2019年7月9日火曜日

届かない手紙 12通目


 拝啓
 
 歌う不死蝶様、今年の夏は昨年に比べ過ごしやすい暑さです。
 それは気温だけではなく、暑さを和らげる風のお蔭です。
 今、私が感じている、この風。
 それは清々しく、ゴキゲンでウカレタ感じで、ほんの少しだけイライラもする。そんな風です。

 暗礁に乗りかけた物語が少しずつ風を捉え進みだし、新しい目標も見つけ、最高な気分。
 そんな気持ちを届ける勝南の風。
 そして、その逆の方角から吹く、敗北の風。
 それが届ける気持ちは、『誰にも理解されない』気持ちです。

 この『誰にも理解されない』と言うことが、ほんの少しだけややこしく厄介な問題です。
 理解されていない、と思ってしまう。
 そんな気持ちが理解されない、とでも言いましょうか。

 とはいえ、私も何もわからない『Mr.ジョーンズ』です。
 理解されないことが理解されない、そのことがわからない。

 そんな『Mr.ジョーンズ』です。
 無関心で興味もなく、何も知りたくない、という流行のヒットナンバーの良さもわかりません。
 
 永遠にわからない、とわかっていても、知りたくてどうしようもない。
 そう思う『Mr.ジョーンズ』には、この世界はほんの少しだけ狭いのかもしれません。

 理解できないのはお互い様なのかもしれませんが、それでも私のイライラは消えません。
 だけど、それでいいと思っています。
 お蔭さまでロックな歌が心の奥深くに刺さります。

 もちろん、歌う不死蝶さんの歌も私の奥深くへ突き刺さっています。
 この深さは今までにない新記録です。

 そんなイライラした今、イライラできる今、それはそれでステキだな、と思います。

 本当はこの気持ちを手の中に隠し、笑顔で後ろ手を組んだ方がいいのかもしれませんが、不器用な私にはできそうにありません。
 だけど、本心をどこかに隠せない、この不器用な正直さ。
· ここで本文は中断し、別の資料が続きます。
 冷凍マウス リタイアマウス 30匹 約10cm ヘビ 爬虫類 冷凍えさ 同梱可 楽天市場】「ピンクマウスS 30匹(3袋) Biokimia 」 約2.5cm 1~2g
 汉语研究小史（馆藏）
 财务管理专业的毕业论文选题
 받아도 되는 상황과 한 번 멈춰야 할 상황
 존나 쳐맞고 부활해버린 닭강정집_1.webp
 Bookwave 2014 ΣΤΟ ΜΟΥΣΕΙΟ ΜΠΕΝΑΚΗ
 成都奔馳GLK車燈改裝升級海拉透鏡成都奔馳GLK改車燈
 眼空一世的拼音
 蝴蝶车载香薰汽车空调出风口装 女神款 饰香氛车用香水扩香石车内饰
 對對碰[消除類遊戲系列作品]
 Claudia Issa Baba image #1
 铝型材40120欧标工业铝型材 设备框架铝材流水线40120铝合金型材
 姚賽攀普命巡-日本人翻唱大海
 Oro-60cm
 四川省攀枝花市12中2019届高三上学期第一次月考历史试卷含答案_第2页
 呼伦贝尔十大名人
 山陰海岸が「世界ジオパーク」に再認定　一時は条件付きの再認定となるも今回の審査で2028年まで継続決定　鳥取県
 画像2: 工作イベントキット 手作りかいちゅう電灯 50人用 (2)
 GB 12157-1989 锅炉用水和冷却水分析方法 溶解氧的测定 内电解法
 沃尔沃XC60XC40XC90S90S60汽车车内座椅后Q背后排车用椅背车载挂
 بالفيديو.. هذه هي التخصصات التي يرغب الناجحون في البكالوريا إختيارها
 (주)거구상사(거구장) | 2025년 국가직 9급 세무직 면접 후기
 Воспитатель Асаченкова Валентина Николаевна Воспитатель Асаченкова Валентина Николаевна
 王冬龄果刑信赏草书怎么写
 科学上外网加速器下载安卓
それは嫌いではありません。
 それで誰かに嫌われても、それなら仕方ない、と言えそうですから。

 イライラできることが嬉しいと言える、この正直さ。それは捨てたくありません。
 だから、このまま、イライラした気持ちと共に進んでいく。
 イライラしている時にしか見えない景色と出会うために。

 そんな常識はずれな反骨心のお蔭で、勝南の方角に新しい目標が見えました。
 敗北の風の中、ほんの少しだけ違う場所からの使者、その風に気づいてしまいました。
 それはまだ、風と呼べるほど確かなものではありませんが、私の目には見えています。ここからほんの少し離れたところで羽ばたく蝶々の姿が。
 
 いつかその羽ばたきに風を感じ、その風が力強い竜巻を起こす。
 その瞬間がいつなのか、それはわかりませんが、そんなニュースが新聞の一面を飾ることに気づいている、『Mr.ジョーンズ』です。
 
 だから、勝南の方角に見えた目標に向けて、相方と共に準備をしていきます。
 その一歩に作った動画があります。この動画の質で、新しい目標に向かえたらいいのですが……それは、ほんの少し怪しそうです。
 ただ、目標に挑戦することが大切だと思っていますので、この挑戦はやり遂げてみせます。
 
 いつか、この動画のように、私の相方だけでも歌う不死蝶さんの元へ走って会いにいけたら……。
 そう思う、この本音を大切にしたいです。

 この気持ちがある限り、燃料を心配することなく、挑戦飛行の旅に出かけられそうですから。

 その旅のどこかで、こんな台詞を言ってみたいです。
 「翼よ、あれがフロンティアの灯だ」
 そう語る瞬間に流れる歌は、『フロンティアまでいける』という歌のような気がします。

 歌う不死蝶さん、フロンティアの季節はどうですか?
 ここからほんの少しだけ離れた、フロンティアはどんな景色なのでしょうか?
 そこへ運ぶ風の使者はどの方角の風なのか?
 知らないことで溢れ、疑問が止まらない、そんなフロンティアの景色を楽しみにしています。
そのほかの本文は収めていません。